**Work instructions**
Please reproduce the entries below exactly, omitting any images they contain.

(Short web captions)

====================

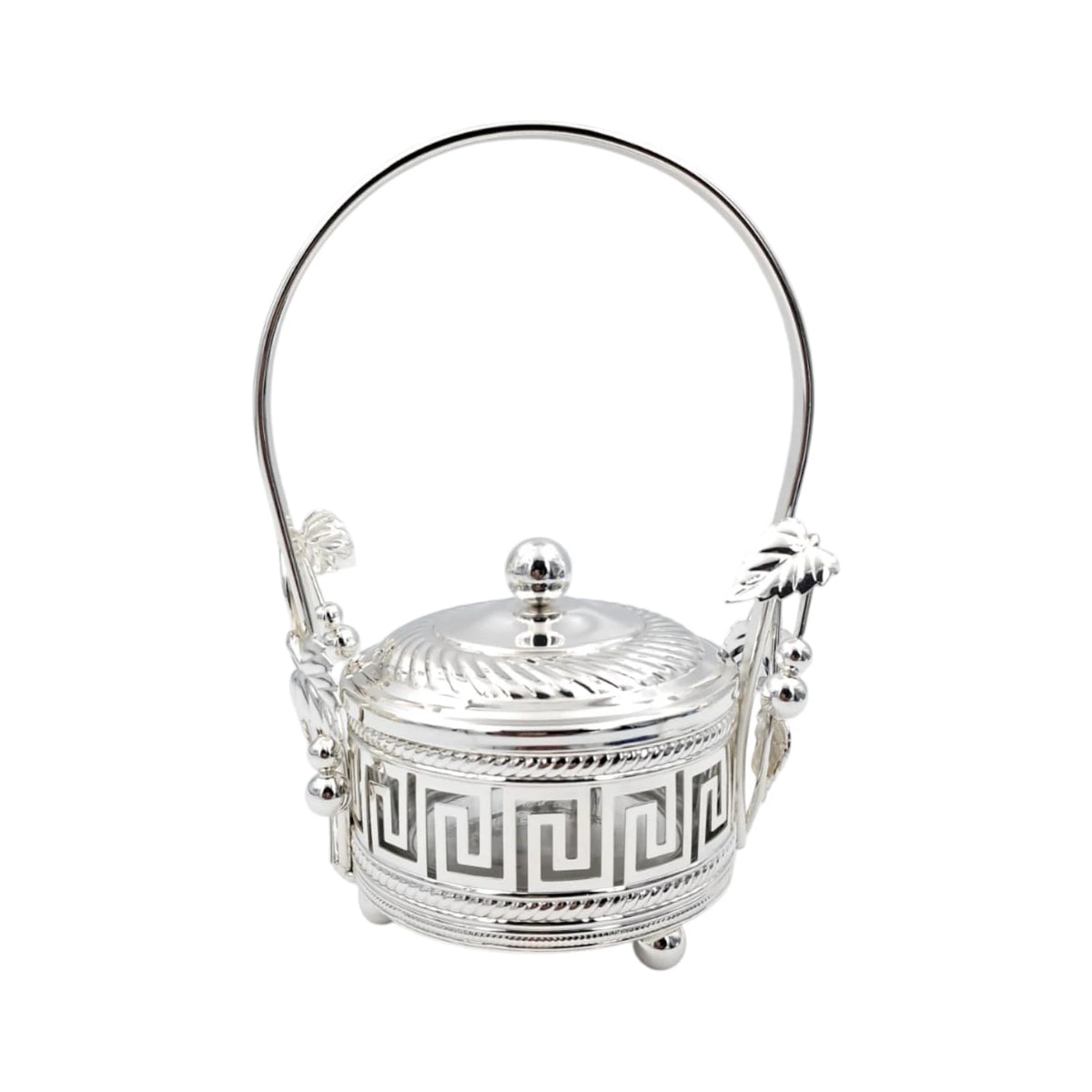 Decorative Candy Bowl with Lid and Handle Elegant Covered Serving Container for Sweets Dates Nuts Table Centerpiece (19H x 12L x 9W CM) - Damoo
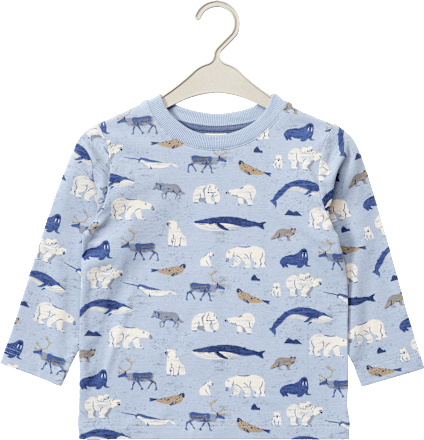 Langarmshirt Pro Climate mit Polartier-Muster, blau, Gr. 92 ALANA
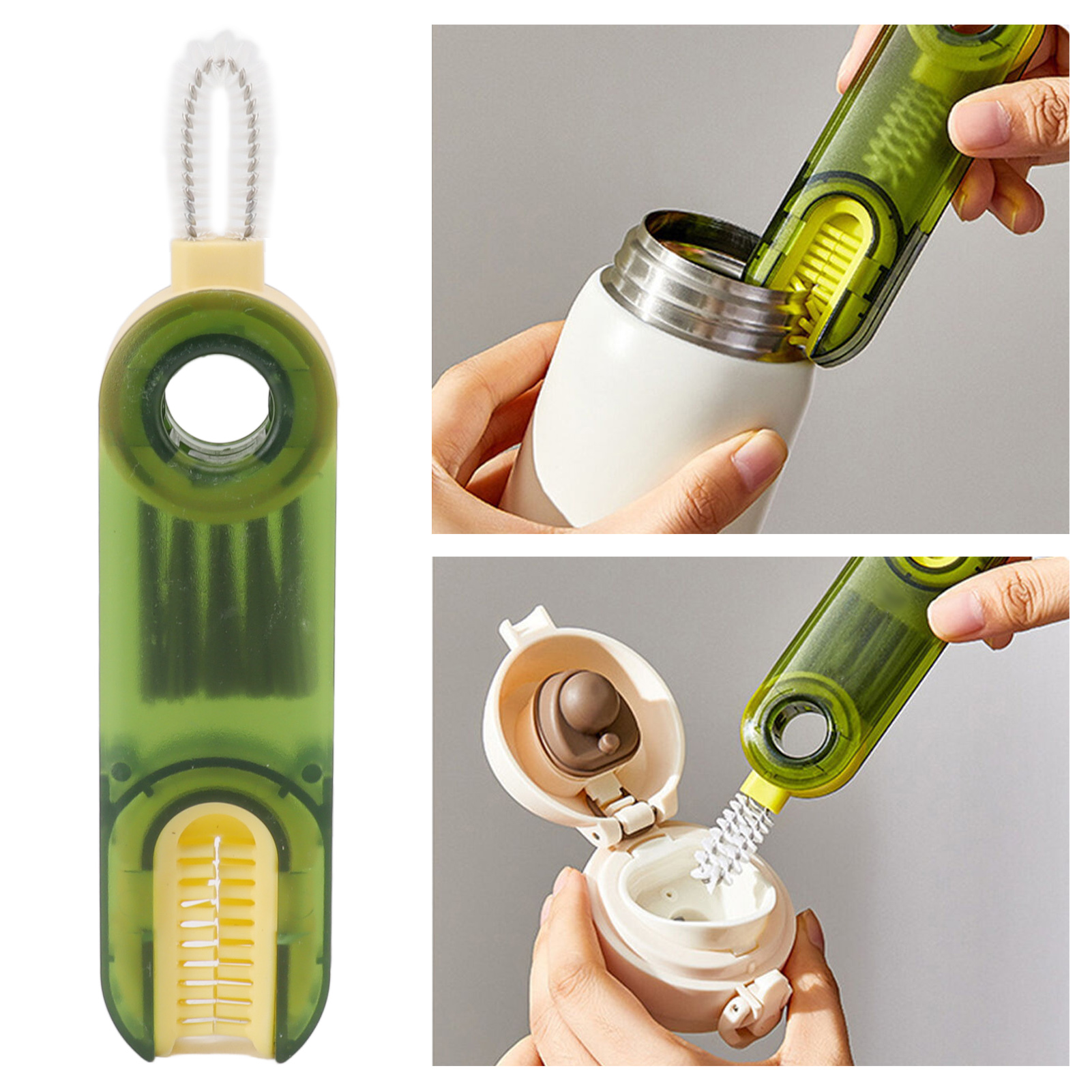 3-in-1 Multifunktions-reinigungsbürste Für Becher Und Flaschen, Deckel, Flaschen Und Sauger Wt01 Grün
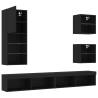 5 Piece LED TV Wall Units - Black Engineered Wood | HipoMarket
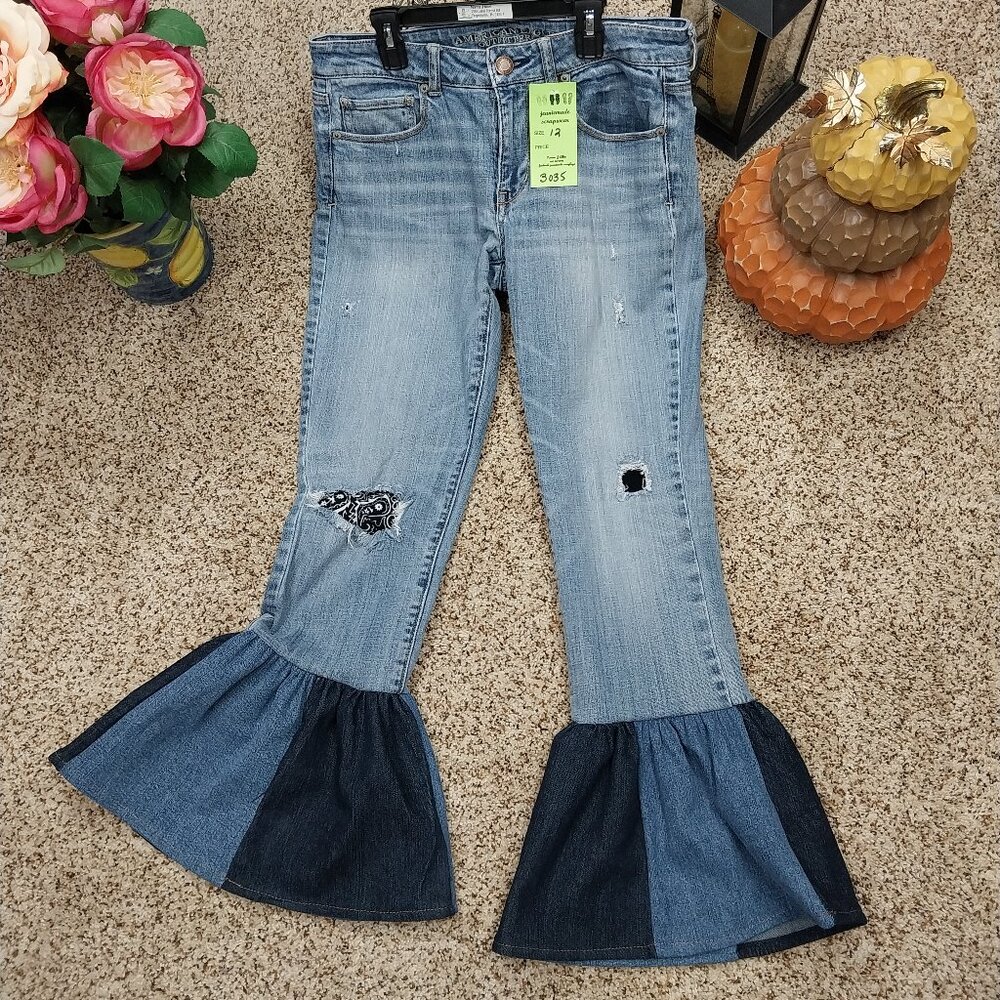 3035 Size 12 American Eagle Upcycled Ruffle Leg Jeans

====================

**Response to this task**
 Decorative Candy Bowl with Lid and Handle Elegant Covered Serving Container for Sweets Dates Nuts Table Centerpiece (19H x 12L x 9W CM) - Damoo
 Langarmshirt Pro Climate mit Polartier-Muster, blau, Gr. 92 ALANA
 3-in-1 Multifunktions-reinigungsbürste Für Becher Und Flaschen, Deckel, Flaschen Und Sauger Wt01 Grün
 5 Piece LED TV Wall Units - Black Engineered Wood | HipoMarket
 3035 Size 12 American Eagle Upcycled Ruffle Leg Jeans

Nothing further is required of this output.